Fireman courses are available in fire science, fire science technology, and related certificate and associate degree programs. Some students also pursue bachelor's degrees that include administration and public policy components for professional advancement in fire science and service careers.
Community colleges may offer fire academy or firefighter training, which consists of extensive practical and classroom instruction. The training lengths vary due to day and evening schedules. In some cases, admission requirements include active EMT certification. Applicants must also pass a physical exam and be accepted to the college offering the program. Graduates are prepared to apply for firefighter certification.
Some common concepts taught in firefighting classes include:
In this beginning fireman's course students combine classroom and lab time to learn basic principles of fire science and suppression. It is a required class that usually begins with first aid and first responder training. Students get to practice donning protective gear and carrying out job responsibilities while wearing it. Chain of command, communications, and fire department operations are emphasized.
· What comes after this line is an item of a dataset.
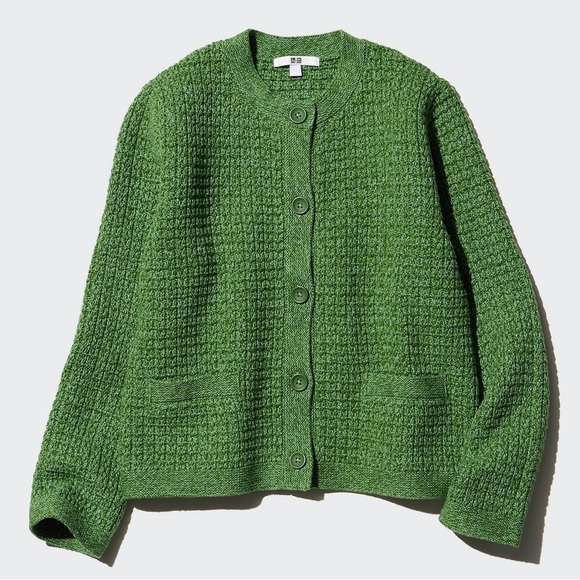 Uniqlo Knitted Short Jacket in Green - Picture 1 of 7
This required class offers a comprehensive examination of foam and water fire suppression, using the introductory fireman course as a foundation. Training includes firefighting strategies for residential, commercial, vehicular, water, wilderness, and brush fires. Firefighters learn appropriate measures for urban, suburban, and rural concerns. Coursework and field training include hazardous materials handling.
Most students in fireman courses take this mandatory class of lectures and labs midway through their program. They learn the physical and chemical characteristics of different kinds of fire, such as electrical or chemical fires, as well as how fires can start and spread. Students gain an understanding of accelerants, weather and construction materials, as well as urban, suburban and rural topography and its influence on fires.
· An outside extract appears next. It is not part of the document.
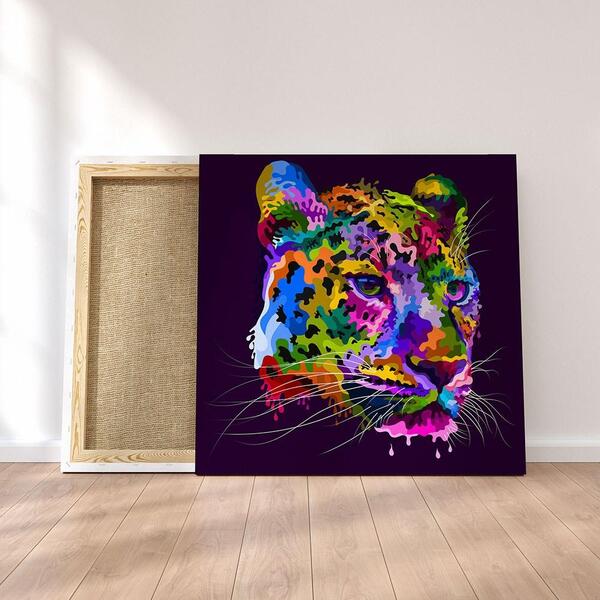 Quadro Decorativo Em Tecido Canvas 90x90cm Pintura Onça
Pre-planning is a key strategy for fighting building fires. Students in this fireman's course are introduced to different building methods and materials in the context of fire safety. Lectures and labs are delivered with the intent of maximizing fireman safety both before and during a fire, in which all or part of the building is at risk for collapse. This required course is taken after basic firefighting and fire suppression courses and includes building inspection procedures and minimum standards for building codes.
A reliable working knowledge of the Office of Safety and Health Administration (OSHA) requirements is important to a successful firefighting career. Upon completion of this required class, firemen are able to quickly identify hazardous conditions or situations and act fast in an emergency. Safe rescue operations for wilderness, confined spaces, fast water, inclement weather, high rises, and acts of terrorism are studied in classroom and lab settings.
In this course, required by some programs, students learn to identify the origin and nature of a particular fire. Coursework includes how to secure the scene, as well as how to document and collect evidence. Students also learn to prepare and report findings. Students learn to make a determination of arson or non-arson related with respect to particular fire-related incidents.